> **PROBLEM**
Repeat all the records exactly, omitting pictures.

> **RECORDS SUPPLIED**

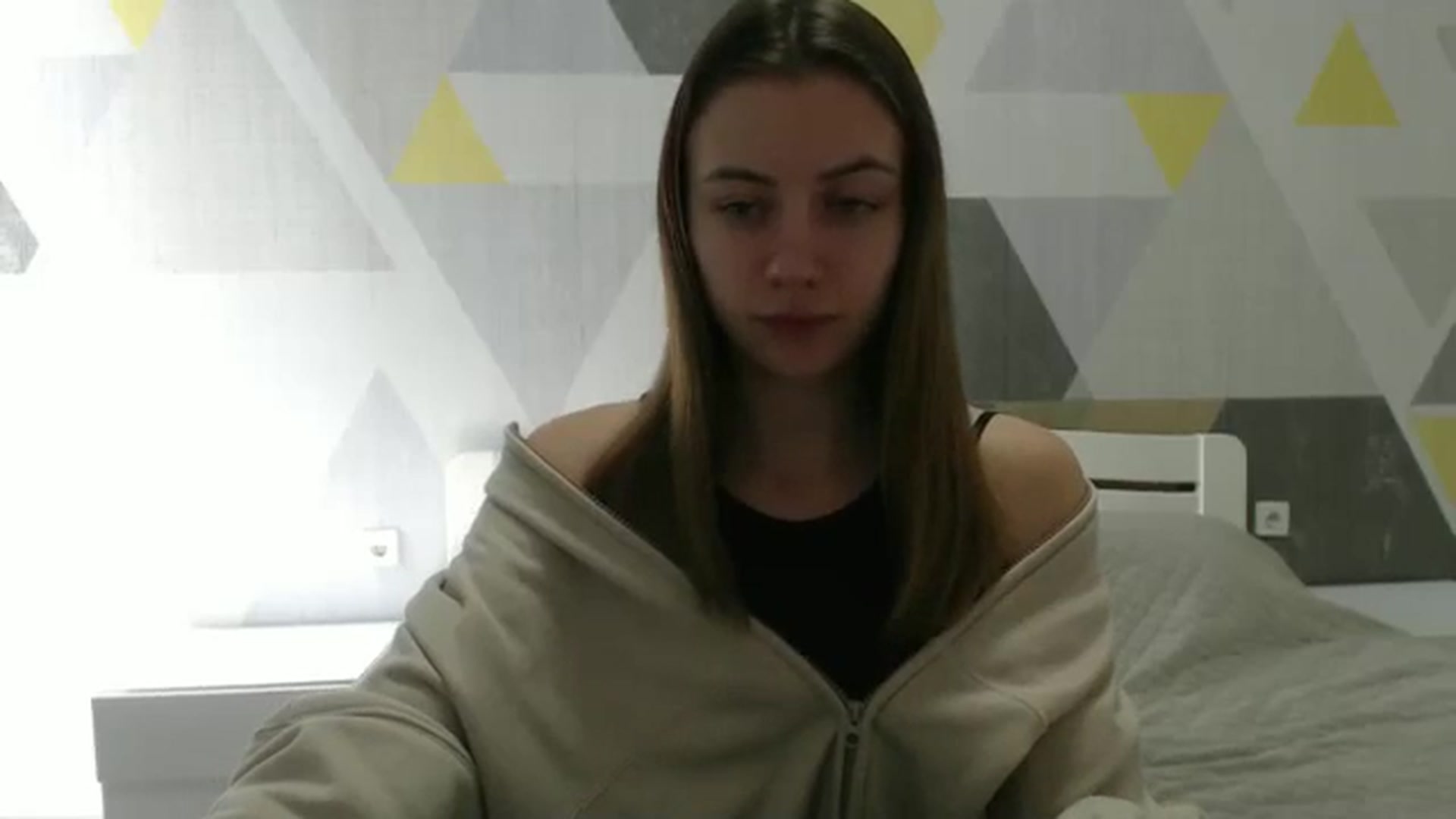 Gallery image thumbnail from Sulfate0's myfreecams stream on, 02/13/2025, 11:09 image 7 of 20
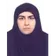 دکتر نوشین جلایرنادری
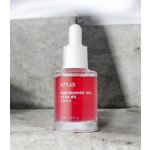 Anua Niacinamide Dark Spot Correcting serum rozjasňující sérum s niacinamidem |30 ml – Zboží Dáma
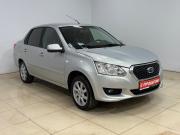 Datsun on-DO I Альметьевск  - изображение 25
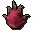 Dragonfruit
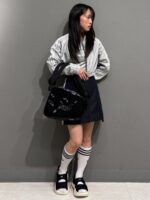 Adidas Logo Large Cross bag - Image 2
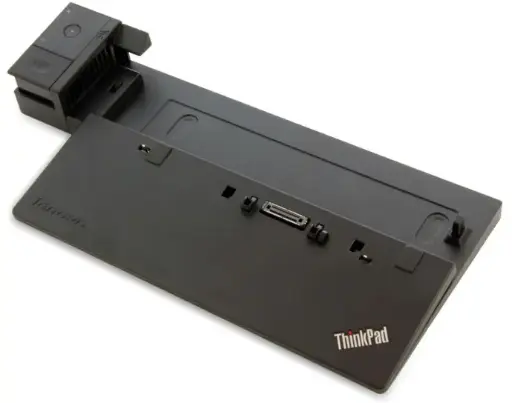 [W241218009] Stacja dokująca Lenovo ThinkPad Pro Dock 90W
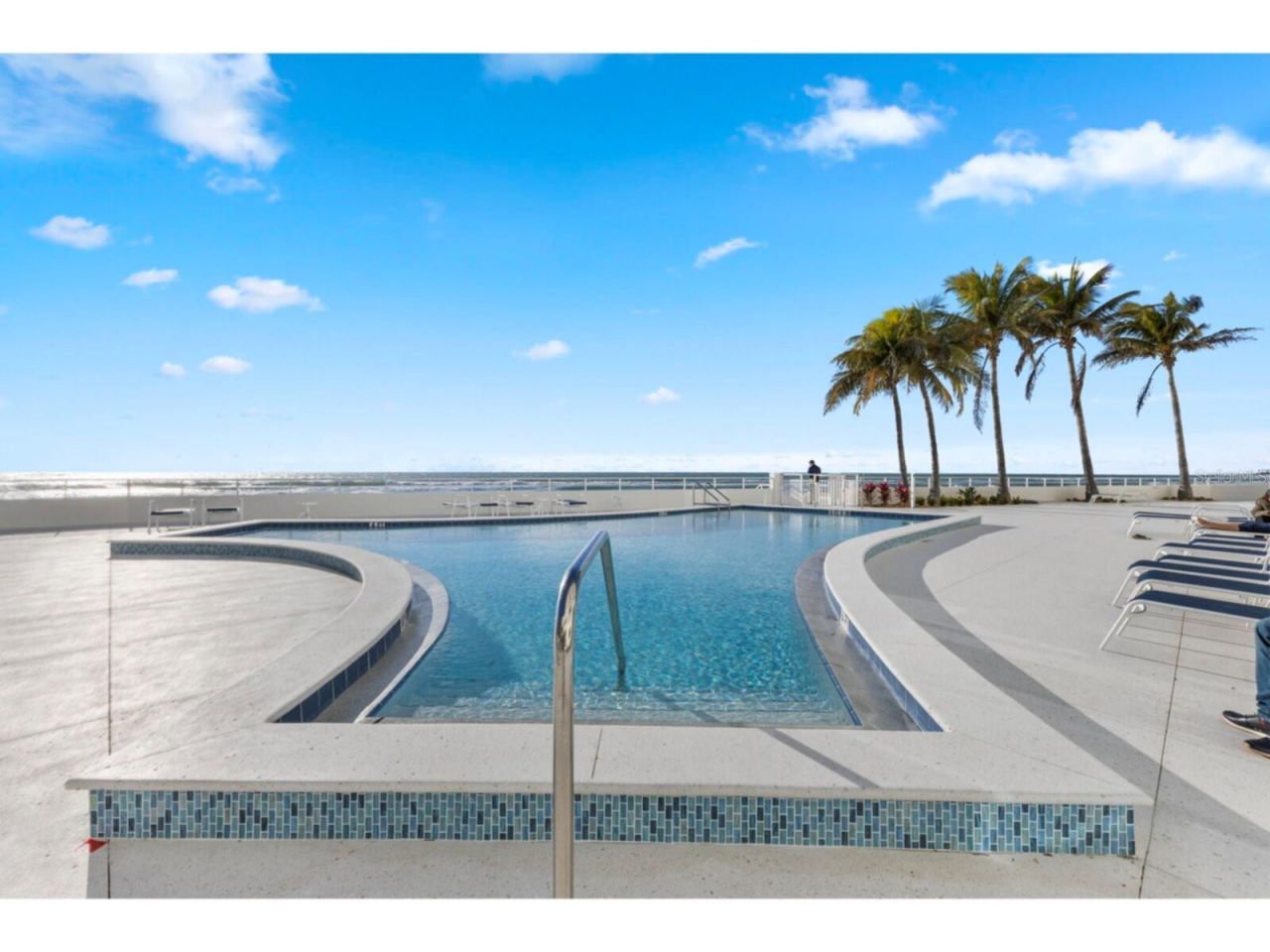 1750 Benjamin Franklin Drive , Unit 1D, Sarasota, FL 34236 Photo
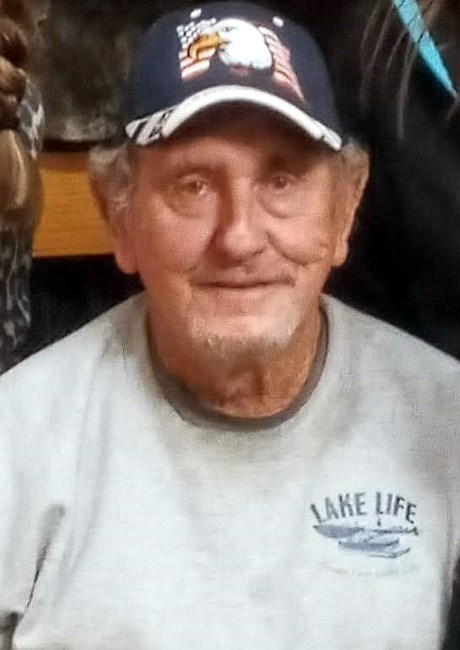 Obituary of Bill C. Connett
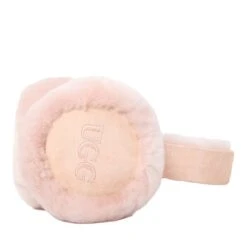 UGG Platinum Earmuff -Chic Clothing Store ugg platinum earmuff 895983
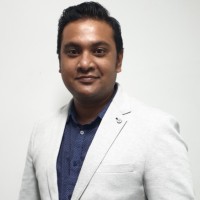 Saiman Ahmed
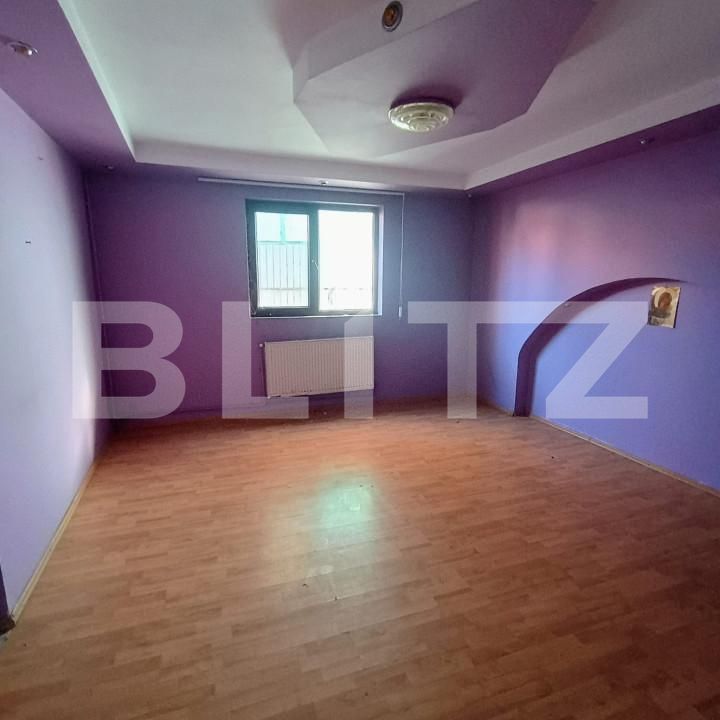 Casa de vânzare 6 camere Malu Roșu - 164657CV | BLITZ Ploieşti | Poza11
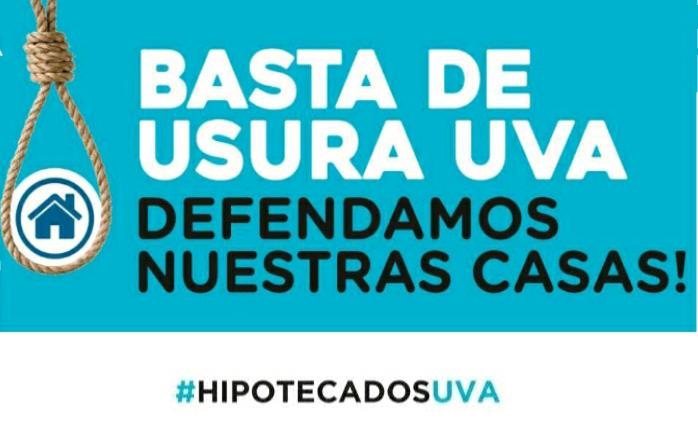 LauraDalmasso1's tweet photo. @biencuyano @juliocobos @hipotecadosuva @cariaagg @Sebazelada84 @DanielaFunez17 @JujuyUva @uvacaba @HipotecadosCba @MarcelaGazali https://t.co/U5ro6cmFxN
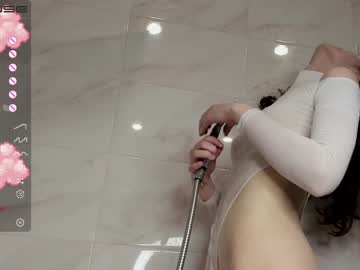 webcam girl mxxnsxsul live cam image #3447472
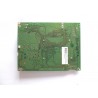 LG 82UM7600PLB  Main Board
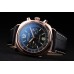 Réplique Montre Panerai Pam 369 Radiomir Acier inoxydable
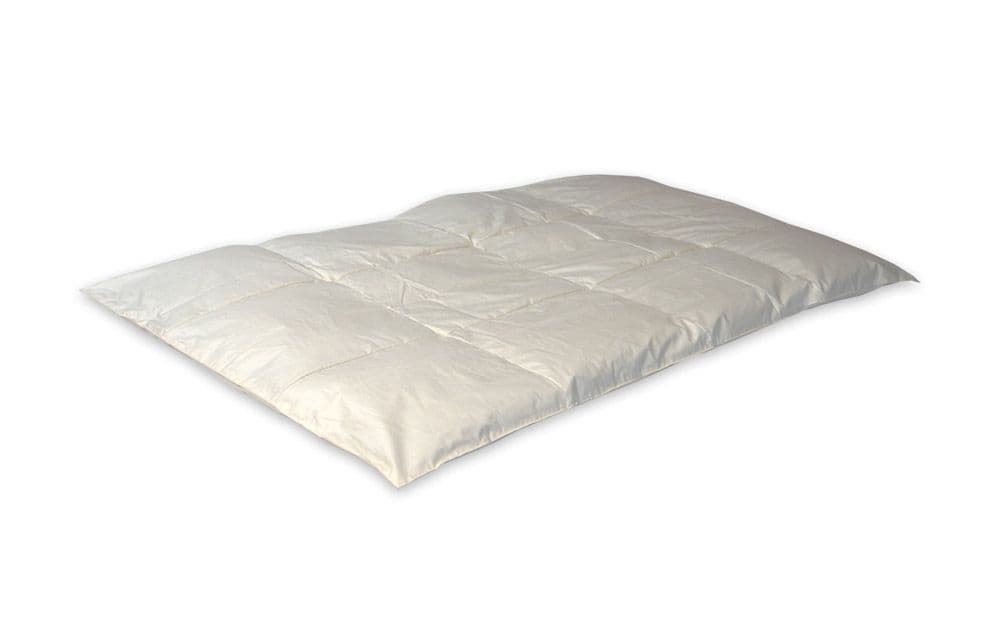 Couette enfant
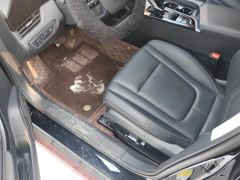 Bestune B70 1.5T Version - ფოტო 8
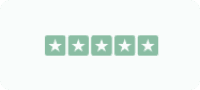 Five stars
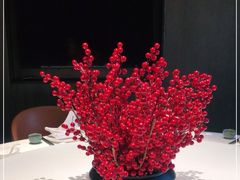 -百富源·海鲜辽菜(浑河堡店)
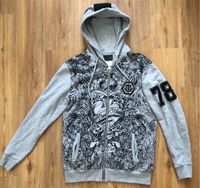 PHILIPP PLEIN „Hoddie“ Größe XL Hannover - Mitte Vorschau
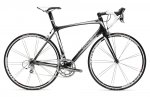madone52.jpg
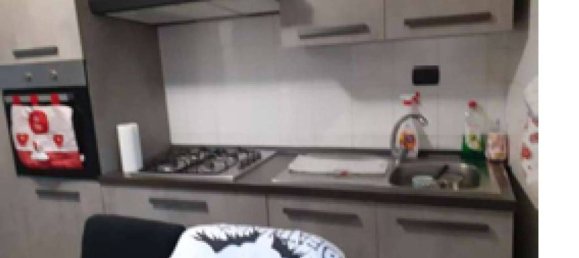 2 rooms Apartment in Cuveglio, Italy No. 306650 7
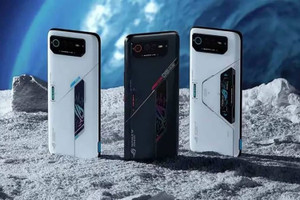 Thị trường di động bất ngờ khi hãng điện thoại 12 năm tuổi quyết định ngừng ra mắt điện thoại mới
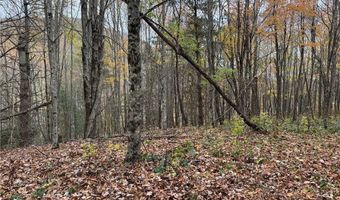 Tbd Rominger Road, Banner Elk, NC 28604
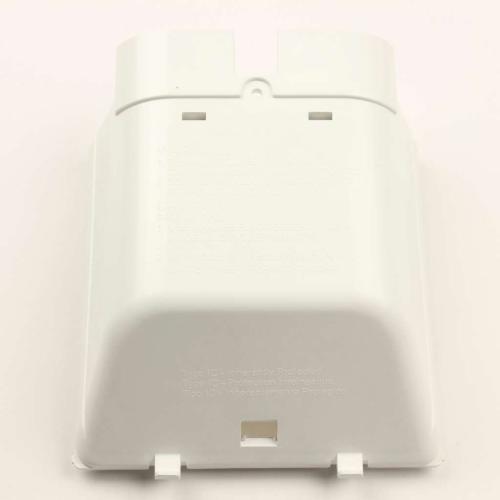 SDFFV3420066S ffv3420066s-cover-assembly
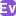 event.me favicon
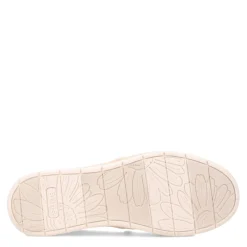 Women's Skechers, BOBS Flexpadrille Luxe - Summer Sky Slip-On
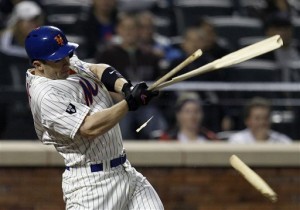Photos: Brewers vs. Mets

> **RESULT OF THIS EXERCISE**
 Gallery image thumbnail from Sulfate0's myfreecams stream on, 02/13/2025, 11:09 image 7 of 20
 دکتر نوشین جلایرنادری
 Anua Niacinamide Dark Spot Correcting serum rozjasňující sérum s niacinamidem |30 ml – Zboží Dáma
 Datsun on-DO I Альметьевск  - изображение 25
 Dragonfruit
 Adidas Logo Large Cross bag - Image 2
 [W241218009] Stacja dokująca Lenovo ThinkPad Pro Dock 90W
 1750 Benjamin Franklin Drive , Unit 1D, Sarasota, FL 34236 Photo
 Obituary of Bill C. Connett
 UGG Platinum Earmuff -Chic Clothing Store ugg platinum earmuff 895983
 Saiman Ahmed
 Casa de vânzare 6 camere Malu Roșu - 164657CV | BLITZ Ploieşti | Poza11
 LauraDalmasso1's tweet photo. @biencuyano @juliocobos @hipotecadosuva @cariaagg @Sebazelada84 @DanielaFunez17 @JujuyUva @uvacaba @HipotecadosCba @MarcelaGazali https://t.co/U5ro6cmFxN
 webcam girl mxxnsxsul live cam image #3447472
 LG 82UM7600PLB  Main Board
 Réplique Montre Panerai Pam 369 Radiomir Acier inoxydable
 Couette enfant
 Bestune B70 1.5T Version - ფოტო 8
 Five stars
 -百富源·海鲜辽菜(浑河堡店)
 PHILIPP PLEIN „Hoddie“ Größe XL Hannover - Mitte Vorschau
madone52.jpg
 2 rooms Apartment in Cuveglio, Italy No. 306650 7
 Thị trường di động bất ngờ khi hãng điện thoại 12 năm tuổi quyết định ngừng ra mắt điện thoại mới
 Tbd Rominger Road, Banner Elk, NC 28604
 SDFFV3420066S ffv3420066s-cover-assembly
 event.me favicon
 Women's Skechers, BOBS Flexpadrille Luxe - Summer Sky Slip-On
Photos: Brewers vs. Mets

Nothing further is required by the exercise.